Hockerill Anglo-European College (formerly known as Hockerill School) is an international state boarding school with academy status located in Bishop's Stortford, England.

==History==

In 1850, Hockerill was founded as a teacher-training college for schoolmistresses by the first vicar of All Saints' Church, Hockerill, the Reverend John Menet. The training school was closed in 1978 and, in 1980, was reopened as Hockerill School when Fyfield School (in Essex) and Kennylands School (in Berkshire) merged. In 1995 it achieved grant-maintained status and in 1998 became known as Hockerill Anglo-European College. The school also gained Music College status.
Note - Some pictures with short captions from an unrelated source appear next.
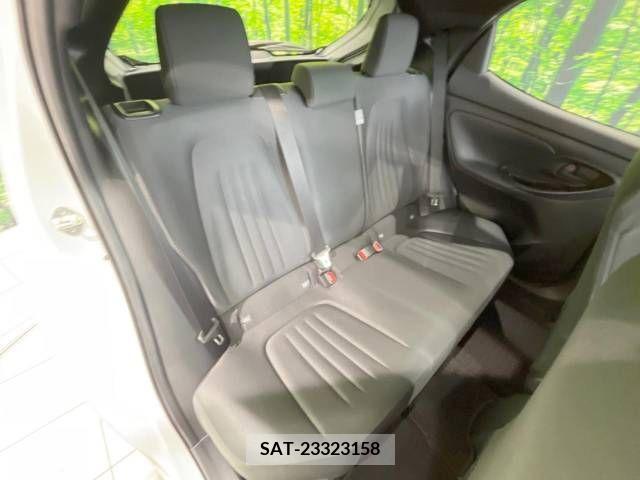 Toyota YARIS 2023-06 371394-9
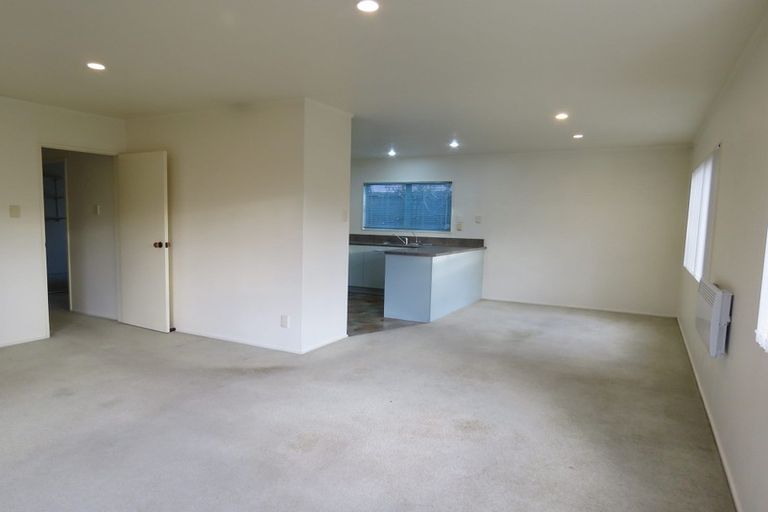 Photo of property in 4a Brandon Road, Glen Eden, Auckland, 0602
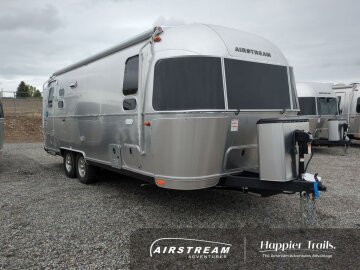 New 2025 Airstream Flying Cloud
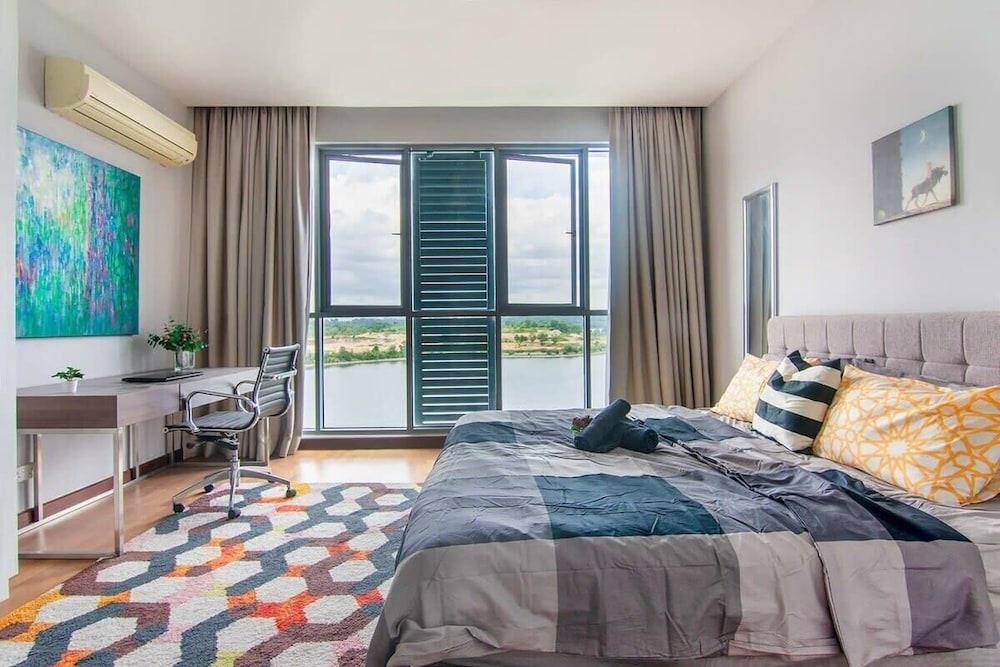 3BR Somerset Puteri Harbour View, Legoland
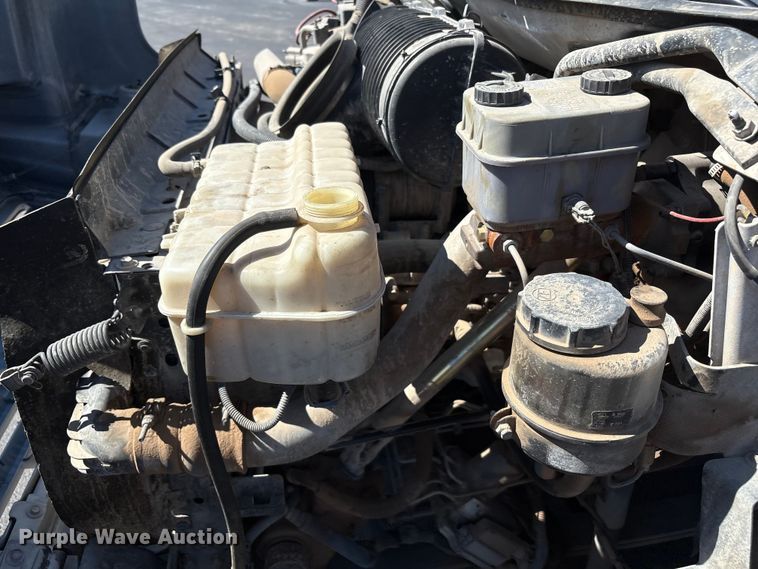 image for item EU4654 2006 Chevrolet C5500 utility / service truck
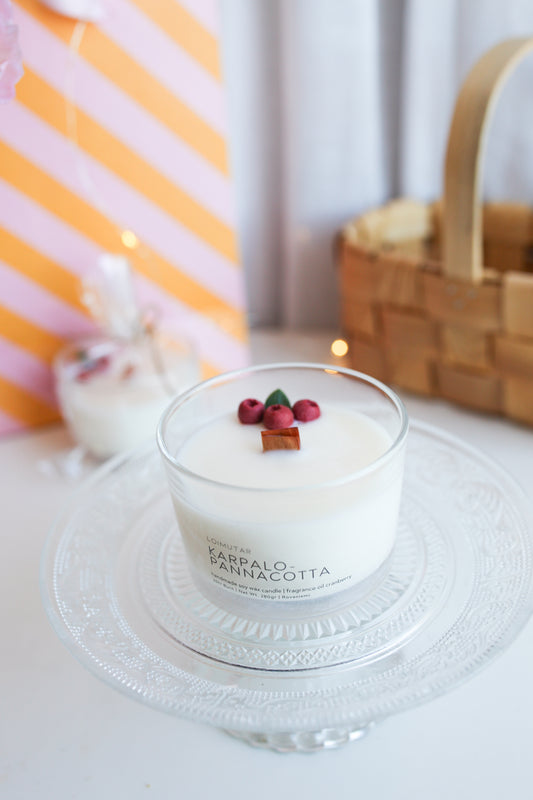 Puusydänkynttilä Karpalopannacotta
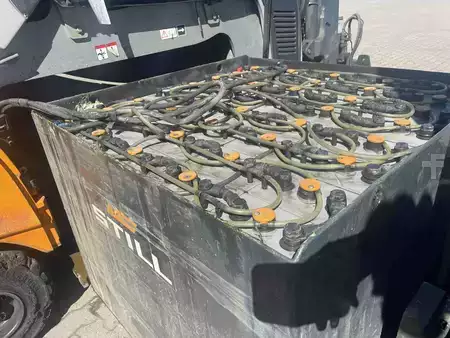 Elektro 4 Rad 2019  Still RX 60-50  75% Bat & 5th & Rotato (5)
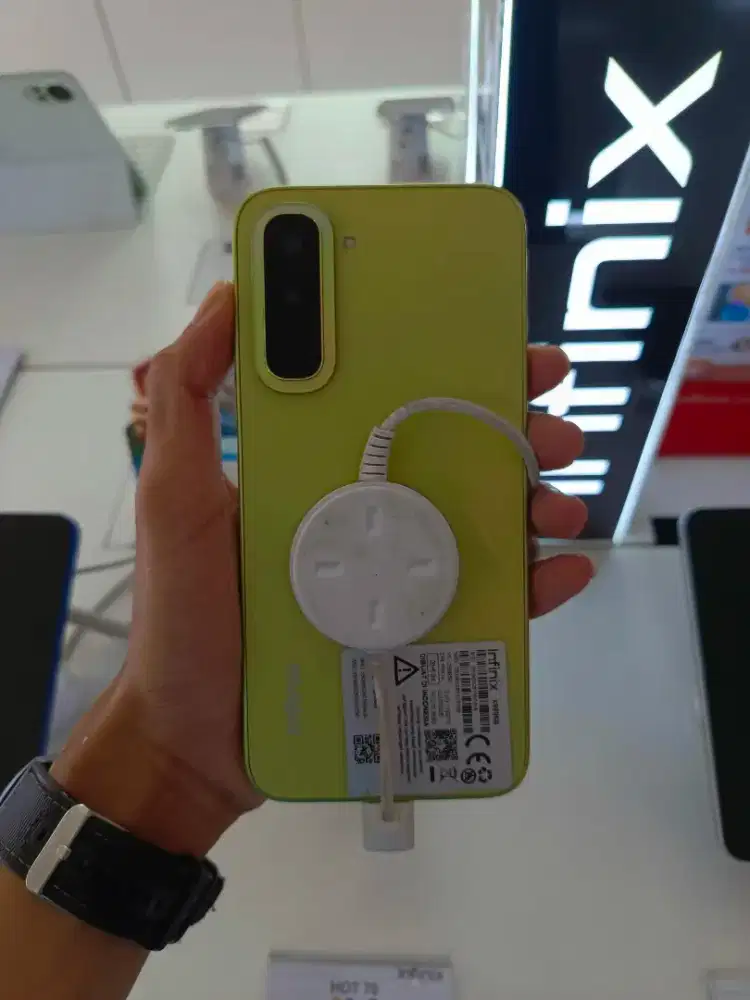 Cash/Kredit Tanpa DP Infinix Hot 70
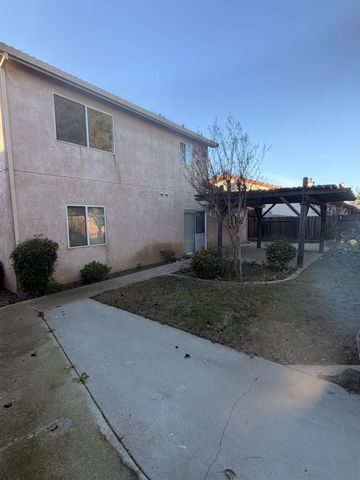 209 Fairwood Dr, Oakdale, CA 95361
The Music College was opened by Lord David Puttnam on 8 October 2006. It became an academy in 2011.

==The International Baccalaureate and MYP==
In 1998, Hockerill introduced the International Baccalaureate (IB) as the only form of post-16 study and accepted its first sixth form students. In 2012, 100% of Hockerill pupils passed the IB Diploma with an average points score of 36.4. The Middle Years Programme (MYP) was introduced in 2005 for years 7–9 and complements the GCSE and IGCSE taught at the college.

==School performance and inspections==

As of 2023, the school's most recent inspection by Ofsted was in 2022-23. The school was judged Good. Inspectors noted that most students take two foreign languages at secondary level, and that all sixth form students take at least one language as part of the IB Diploma. The school's boarding provision was also inspected in 2023, and judged Good.

==Equipes==

Hockerill Anglo-European College has four houses (known as Equipes). The Equipe Colour blue symbolises Ruth Bader Ginsburg, red symbolises Nelson Mandela, green symbolises Mary Seacole and white symbolises Alan Turing. They have recently added a new 5th Equipe with the colour yellow symbolising Marie Curie.

Before the academic year 2021-22 started, the Equipe Colour blue symbolised Isambard Kingdom Brunel, red symbolised Leonardo Da Vinci, green symbolised Johann Wolfgang von Goethe and white symbolised Blaise Pascal.